Le rôle de l’expert consistait alors à permettre au CHSCT de mieux analyser les conséquences du projet sur la santé, la sécurité et les conditions de travail des salariés.
L’employeur a contesté la nécessité de l’expertise.
Solution de la Cour de cassation : Elle a annulé la délibération du CHSCT désignant l’expert au motif que l’existence d’un projet important modifiant les conditions de santé et de sécurité ou les conditions de travail des salariés, qui par principe justifie le recours à un expert par le CHSCT, n’était pas démontrée. Au contraire, elle a établi que le projet mis en œuvre par l’employeur allait avoir des conséquences mineures dans les conditions de travail directes des salariés dont les tâches allaient se trouver facilitées (Cass. soc. 12 avril 2018 n°16-27866).
Cette solution conserve son intérêt avec l’entrée en vigueur du CSE qui dispose, comme le CHSCT, de la possibilité de recourir à un expert dans le cadre de sa consultation sur un projet important modifiant les conditions de santé et de sécurité ou les conditions de travail (art. L 2315-94 c. trav.).

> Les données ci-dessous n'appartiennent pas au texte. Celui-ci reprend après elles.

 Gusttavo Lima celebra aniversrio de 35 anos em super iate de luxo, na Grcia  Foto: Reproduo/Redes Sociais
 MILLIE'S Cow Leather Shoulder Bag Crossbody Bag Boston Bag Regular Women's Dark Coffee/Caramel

Non respect du délai de dépôt des accords d’intéressement = redressement URSSAF !
Le contexte : Une société a fait l’objet d’un redressement par l’URSSAF au motif que les sommes allouées par la société aux salariés ne pouvaient bénéficier des exonérations légales au titre de l’intéressement eu égard au fait que la société ne justifiait pas avoir adressé l’accord d’intéressement à la DIRECCTE dans le délai de 15 jours suivant sa signature.

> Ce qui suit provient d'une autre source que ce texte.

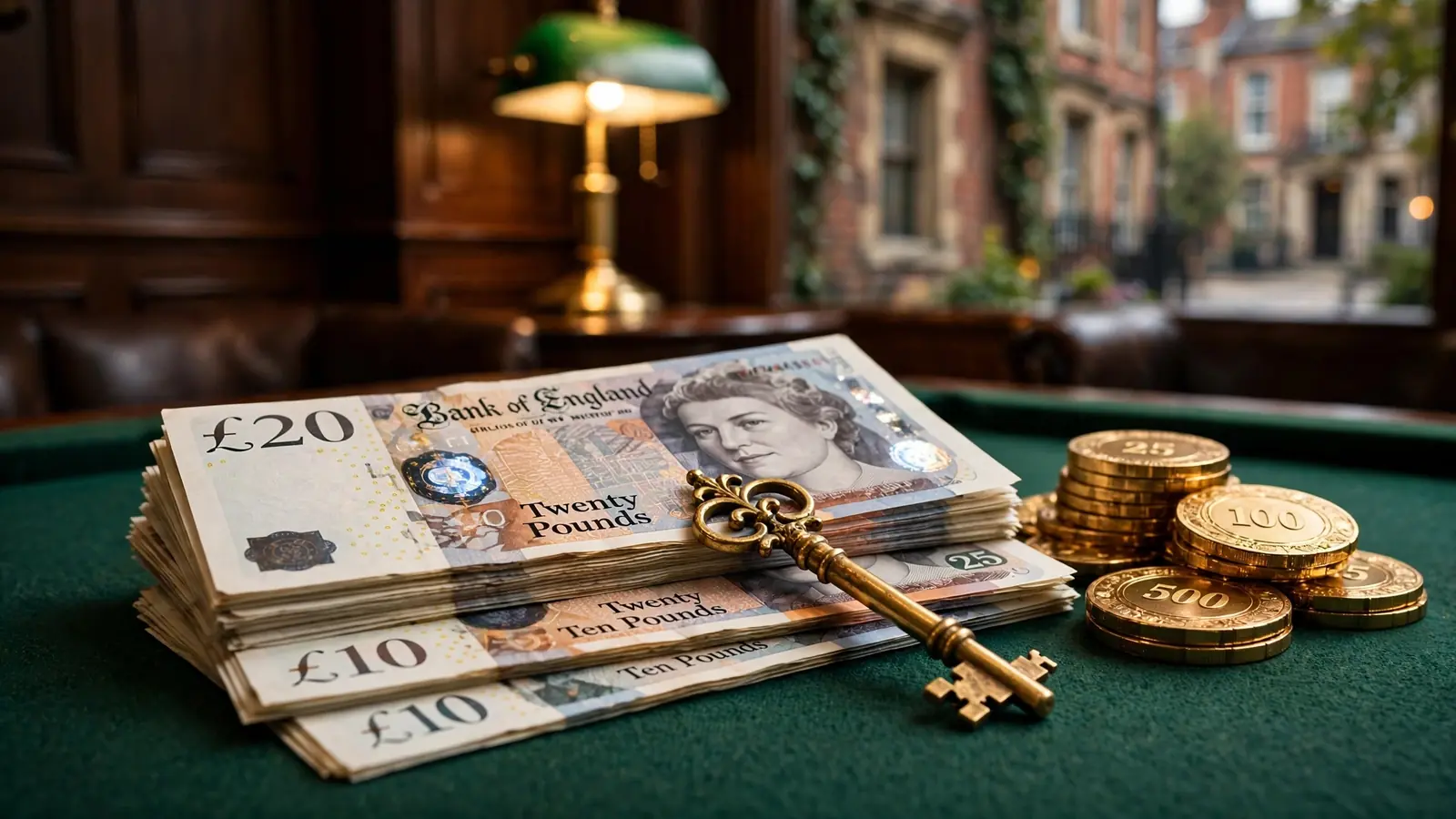 British pound banknotes stacked with gold casino chips and a golden key on green felt.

La solution de la Cour de Cassation : Elle confirme la position des juges du fond ayant considéré le redressement justifié :
«Pour ouvrir droit aux exonérations de cotisations sur les sommes versées aux salariés à titre d’intéressement, les accords d’intéressement doivent aux termes de l’article D. 3313-1 du code du travail avoir été déposés par la partie la plus diligente au plus tard dans les quinze jours suivant leur conclusion, à la direction départementale du travail, de l’emploi et de la formation professionnelle du lieu où ils ont été conclus ;
(…) La Cour d’appel, qui a constaté, par motifs propres, que la société ne rapportait pas la preuve d’avoir déposé les accords dans le délai réglementaire, en a exactement déduit que le redressement était justifié » (Cass. 2e civ. 4 avril 2018 n°17-10574).
La retenue sur salaire peut être justifiée
Le contexte : Un salarié avait bénéficié du maintien de son salaire à l’occasion de la prise de repos compensateurs de remplacement. Or l’employeur avait constaté par après que ces repos compensateurs lui avaient été accordés par erreur et n’étaient en réalité par ouverts. Il avait donc procédé à des retenues sur son salaire afin d’obtenir restitution des sommes indûment payées.
La Cour de cassation valide cette position (Cass. soc. 5 avril 2018 n°16-26712).
Elle rappelle en effet que dans la mesure où les sommes versées par erreur avaient la nature de salaire, l’employeur pouvait les recouvrer en procédant par compensation avec les salaires à devoir.